---------- Entries supplied ----------

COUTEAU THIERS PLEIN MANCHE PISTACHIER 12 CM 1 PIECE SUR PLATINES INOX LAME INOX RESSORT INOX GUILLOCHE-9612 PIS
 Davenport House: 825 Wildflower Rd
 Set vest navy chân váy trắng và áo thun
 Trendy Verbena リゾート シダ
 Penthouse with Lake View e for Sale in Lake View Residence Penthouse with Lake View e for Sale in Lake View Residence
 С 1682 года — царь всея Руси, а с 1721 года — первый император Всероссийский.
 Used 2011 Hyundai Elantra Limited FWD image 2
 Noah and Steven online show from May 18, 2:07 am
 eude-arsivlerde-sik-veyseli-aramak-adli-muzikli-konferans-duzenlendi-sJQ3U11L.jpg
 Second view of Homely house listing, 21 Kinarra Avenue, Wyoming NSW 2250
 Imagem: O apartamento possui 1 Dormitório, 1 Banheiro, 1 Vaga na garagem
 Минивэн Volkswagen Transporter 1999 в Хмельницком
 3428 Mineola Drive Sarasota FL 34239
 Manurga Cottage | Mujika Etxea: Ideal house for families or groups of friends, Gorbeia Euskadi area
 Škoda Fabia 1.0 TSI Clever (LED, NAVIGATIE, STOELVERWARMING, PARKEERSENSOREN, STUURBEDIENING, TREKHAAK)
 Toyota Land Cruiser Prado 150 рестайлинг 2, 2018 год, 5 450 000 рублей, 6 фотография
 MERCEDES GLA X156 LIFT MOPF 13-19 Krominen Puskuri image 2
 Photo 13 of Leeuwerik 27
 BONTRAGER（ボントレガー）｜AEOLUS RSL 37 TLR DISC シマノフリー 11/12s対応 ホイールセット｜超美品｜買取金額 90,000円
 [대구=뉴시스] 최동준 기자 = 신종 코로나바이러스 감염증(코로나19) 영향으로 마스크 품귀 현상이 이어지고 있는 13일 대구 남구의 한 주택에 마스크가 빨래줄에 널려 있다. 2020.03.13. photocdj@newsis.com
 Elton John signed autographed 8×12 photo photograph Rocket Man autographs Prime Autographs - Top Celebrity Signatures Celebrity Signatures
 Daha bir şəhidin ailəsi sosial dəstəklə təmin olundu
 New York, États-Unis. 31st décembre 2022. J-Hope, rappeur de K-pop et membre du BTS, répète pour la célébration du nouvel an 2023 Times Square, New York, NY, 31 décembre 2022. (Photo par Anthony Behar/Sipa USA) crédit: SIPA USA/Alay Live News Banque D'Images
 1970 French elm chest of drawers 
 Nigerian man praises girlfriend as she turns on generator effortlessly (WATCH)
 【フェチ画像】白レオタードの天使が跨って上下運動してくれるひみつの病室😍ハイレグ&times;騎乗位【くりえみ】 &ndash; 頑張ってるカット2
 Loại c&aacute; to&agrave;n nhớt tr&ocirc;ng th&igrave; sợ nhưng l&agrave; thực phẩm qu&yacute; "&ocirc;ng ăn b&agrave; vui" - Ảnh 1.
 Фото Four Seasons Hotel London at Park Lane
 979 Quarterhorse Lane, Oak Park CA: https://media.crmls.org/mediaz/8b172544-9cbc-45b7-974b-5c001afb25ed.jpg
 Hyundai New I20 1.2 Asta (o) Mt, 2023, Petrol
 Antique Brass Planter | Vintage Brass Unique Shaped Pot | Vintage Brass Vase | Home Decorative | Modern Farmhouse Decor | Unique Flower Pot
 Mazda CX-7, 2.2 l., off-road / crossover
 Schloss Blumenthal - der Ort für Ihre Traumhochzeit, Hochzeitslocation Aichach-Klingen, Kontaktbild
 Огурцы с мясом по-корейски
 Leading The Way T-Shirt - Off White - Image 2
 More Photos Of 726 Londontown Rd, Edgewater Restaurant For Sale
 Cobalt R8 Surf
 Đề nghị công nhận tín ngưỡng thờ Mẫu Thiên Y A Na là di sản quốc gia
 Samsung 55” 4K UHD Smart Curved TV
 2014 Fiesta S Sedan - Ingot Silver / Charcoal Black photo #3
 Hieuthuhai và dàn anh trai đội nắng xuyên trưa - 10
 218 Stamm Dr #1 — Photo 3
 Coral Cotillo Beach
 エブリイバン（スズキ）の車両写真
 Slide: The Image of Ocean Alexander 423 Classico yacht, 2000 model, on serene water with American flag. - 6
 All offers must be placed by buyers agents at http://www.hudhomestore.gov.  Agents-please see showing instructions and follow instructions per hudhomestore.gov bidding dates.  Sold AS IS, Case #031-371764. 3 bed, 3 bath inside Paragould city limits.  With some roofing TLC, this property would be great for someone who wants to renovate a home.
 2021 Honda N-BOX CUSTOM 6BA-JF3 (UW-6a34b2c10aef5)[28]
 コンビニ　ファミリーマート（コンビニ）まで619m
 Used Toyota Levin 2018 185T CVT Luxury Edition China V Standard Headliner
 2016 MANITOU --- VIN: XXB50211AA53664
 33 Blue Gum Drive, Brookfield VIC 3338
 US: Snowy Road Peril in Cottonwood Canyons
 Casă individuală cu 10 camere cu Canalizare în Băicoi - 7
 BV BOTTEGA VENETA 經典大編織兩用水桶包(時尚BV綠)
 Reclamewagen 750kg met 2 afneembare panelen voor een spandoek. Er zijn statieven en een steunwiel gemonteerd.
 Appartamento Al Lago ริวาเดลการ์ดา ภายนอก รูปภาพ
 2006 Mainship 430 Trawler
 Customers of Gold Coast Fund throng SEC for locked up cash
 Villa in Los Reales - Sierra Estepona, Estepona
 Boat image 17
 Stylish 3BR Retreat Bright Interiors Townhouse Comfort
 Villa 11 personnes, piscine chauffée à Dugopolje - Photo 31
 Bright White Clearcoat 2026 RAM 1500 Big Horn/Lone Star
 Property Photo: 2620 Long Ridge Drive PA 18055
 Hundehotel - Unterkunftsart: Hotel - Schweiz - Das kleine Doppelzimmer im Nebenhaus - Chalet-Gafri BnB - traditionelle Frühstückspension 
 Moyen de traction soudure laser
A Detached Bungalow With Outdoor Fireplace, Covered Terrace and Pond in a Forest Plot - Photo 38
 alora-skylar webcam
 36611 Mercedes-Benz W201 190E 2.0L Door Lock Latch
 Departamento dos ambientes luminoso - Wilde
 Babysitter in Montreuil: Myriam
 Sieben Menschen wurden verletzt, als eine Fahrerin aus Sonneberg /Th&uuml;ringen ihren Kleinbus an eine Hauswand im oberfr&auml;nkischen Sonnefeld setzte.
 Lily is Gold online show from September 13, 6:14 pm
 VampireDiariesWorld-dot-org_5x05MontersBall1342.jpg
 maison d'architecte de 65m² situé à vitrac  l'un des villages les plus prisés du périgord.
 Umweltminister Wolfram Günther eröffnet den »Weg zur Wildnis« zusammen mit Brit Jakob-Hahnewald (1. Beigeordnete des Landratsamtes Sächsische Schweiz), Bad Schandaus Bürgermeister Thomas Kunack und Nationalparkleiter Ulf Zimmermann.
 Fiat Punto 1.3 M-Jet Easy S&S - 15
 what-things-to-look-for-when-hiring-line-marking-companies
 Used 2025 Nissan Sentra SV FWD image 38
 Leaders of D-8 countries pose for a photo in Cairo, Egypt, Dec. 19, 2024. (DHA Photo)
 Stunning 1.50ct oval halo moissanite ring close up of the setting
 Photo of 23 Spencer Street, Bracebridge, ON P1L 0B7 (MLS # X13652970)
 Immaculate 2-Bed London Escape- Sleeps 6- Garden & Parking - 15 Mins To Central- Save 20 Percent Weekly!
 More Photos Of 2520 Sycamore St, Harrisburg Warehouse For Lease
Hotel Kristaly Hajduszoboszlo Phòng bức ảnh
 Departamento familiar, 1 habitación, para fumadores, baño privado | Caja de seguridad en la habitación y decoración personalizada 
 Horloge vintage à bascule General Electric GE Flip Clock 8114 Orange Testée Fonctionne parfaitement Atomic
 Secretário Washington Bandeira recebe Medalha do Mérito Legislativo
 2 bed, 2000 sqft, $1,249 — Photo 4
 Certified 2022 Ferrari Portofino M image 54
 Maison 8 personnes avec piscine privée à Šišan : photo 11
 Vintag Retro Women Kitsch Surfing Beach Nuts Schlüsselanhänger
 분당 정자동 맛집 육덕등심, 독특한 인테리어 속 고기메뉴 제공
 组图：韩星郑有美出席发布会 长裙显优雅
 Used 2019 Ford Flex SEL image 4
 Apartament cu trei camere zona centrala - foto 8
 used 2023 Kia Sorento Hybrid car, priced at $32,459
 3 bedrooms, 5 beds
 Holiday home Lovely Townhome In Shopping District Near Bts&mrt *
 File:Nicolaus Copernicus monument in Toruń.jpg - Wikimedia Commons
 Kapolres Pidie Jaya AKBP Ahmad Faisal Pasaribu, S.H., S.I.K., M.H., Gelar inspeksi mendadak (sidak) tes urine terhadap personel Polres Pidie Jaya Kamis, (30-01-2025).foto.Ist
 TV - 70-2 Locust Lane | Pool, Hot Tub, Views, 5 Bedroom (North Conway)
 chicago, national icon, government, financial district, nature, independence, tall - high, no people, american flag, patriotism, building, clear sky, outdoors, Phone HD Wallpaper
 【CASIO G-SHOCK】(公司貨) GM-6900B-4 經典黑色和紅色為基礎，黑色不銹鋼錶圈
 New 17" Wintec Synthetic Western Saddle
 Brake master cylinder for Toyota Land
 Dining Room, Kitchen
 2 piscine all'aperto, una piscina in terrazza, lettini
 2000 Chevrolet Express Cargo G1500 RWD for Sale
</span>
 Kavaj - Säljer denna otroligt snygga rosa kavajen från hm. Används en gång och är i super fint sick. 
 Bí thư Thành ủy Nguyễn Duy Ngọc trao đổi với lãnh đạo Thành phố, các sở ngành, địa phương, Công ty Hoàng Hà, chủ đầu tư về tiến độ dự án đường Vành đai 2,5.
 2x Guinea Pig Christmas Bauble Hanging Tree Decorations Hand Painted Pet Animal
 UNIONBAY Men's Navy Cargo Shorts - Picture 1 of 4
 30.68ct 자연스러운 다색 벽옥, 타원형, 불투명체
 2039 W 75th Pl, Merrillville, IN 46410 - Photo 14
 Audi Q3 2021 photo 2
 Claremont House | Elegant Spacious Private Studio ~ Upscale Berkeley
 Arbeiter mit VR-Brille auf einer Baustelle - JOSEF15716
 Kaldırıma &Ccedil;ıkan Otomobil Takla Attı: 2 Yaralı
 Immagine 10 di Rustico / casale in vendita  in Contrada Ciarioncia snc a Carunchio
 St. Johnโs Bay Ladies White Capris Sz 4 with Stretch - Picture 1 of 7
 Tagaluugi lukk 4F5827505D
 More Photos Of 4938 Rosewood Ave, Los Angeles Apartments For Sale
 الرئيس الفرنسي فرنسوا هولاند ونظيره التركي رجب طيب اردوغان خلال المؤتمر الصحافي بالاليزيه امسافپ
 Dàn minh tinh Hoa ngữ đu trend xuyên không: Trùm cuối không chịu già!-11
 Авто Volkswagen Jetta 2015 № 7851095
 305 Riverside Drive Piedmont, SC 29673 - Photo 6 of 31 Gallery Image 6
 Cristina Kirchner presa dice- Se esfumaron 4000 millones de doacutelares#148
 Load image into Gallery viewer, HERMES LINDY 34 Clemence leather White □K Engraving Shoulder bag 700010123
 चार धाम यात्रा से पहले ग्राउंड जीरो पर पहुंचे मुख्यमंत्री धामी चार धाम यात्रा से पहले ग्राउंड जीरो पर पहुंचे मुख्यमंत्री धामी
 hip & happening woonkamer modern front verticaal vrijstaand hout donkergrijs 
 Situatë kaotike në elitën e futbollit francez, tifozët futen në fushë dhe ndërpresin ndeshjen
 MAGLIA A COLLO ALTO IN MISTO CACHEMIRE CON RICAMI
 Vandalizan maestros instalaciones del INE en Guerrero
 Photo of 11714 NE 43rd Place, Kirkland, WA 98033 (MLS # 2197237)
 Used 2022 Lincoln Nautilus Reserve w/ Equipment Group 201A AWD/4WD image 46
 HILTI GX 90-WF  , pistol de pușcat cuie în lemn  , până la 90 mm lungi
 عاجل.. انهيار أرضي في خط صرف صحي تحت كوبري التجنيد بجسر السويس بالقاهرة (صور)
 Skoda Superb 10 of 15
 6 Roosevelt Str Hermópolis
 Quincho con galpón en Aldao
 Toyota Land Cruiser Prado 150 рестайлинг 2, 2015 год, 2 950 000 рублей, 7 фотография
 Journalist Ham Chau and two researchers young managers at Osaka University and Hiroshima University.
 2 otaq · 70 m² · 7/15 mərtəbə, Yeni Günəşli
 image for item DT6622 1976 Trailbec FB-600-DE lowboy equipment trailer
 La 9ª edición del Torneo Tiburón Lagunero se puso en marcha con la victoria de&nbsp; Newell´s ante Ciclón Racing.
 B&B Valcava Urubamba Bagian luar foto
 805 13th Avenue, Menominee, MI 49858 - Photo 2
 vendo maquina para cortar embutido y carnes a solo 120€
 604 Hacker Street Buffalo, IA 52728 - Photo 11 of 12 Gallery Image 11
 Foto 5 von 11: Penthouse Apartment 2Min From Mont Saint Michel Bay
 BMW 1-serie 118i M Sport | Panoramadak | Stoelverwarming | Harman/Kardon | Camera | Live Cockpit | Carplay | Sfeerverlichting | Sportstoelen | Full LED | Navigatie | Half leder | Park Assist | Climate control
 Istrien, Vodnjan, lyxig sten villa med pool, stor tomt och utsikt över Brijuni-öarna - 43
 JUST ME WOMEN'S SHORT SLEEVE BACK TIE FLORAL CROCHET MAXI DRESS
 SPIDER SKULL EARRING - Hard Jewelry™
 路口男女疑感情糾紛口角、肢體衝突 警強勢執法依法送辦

----------

● Your instructions: Output only an exact transcription of the lines above from the one with "Toyota Land Cruiser Prado 150 рестайлинг 2, 2015" up to and including the one with "vendo maquina para".

● Exercise result:
 Toyota Land Cruiser Prado 150 рестайлинг 2, 2015 год, 2 950 000 рублей, 7 фотография
 Journalist Ham Chau and two researchers young managers at Osaka University and Hiroshima University.
 2 otaq · 70 m² · 7/15 mərtəbə, Yeni Günəşli
 image for item DT6622 1976 Trailbec FB-600-DE lowboy equipment trailer
 La 9ª edición del Torneo Tiburón Lagunero se puso en marcha con la victoria de&nbsp; Newell´s ante Ciclón Racing.
 B&B Valcava Urubamba Bagian luar foto
 805 13th Avenue, Menominee, MI 49858 - Photo 2
 vendo maquina para cortar embutido y carnes a solo 120€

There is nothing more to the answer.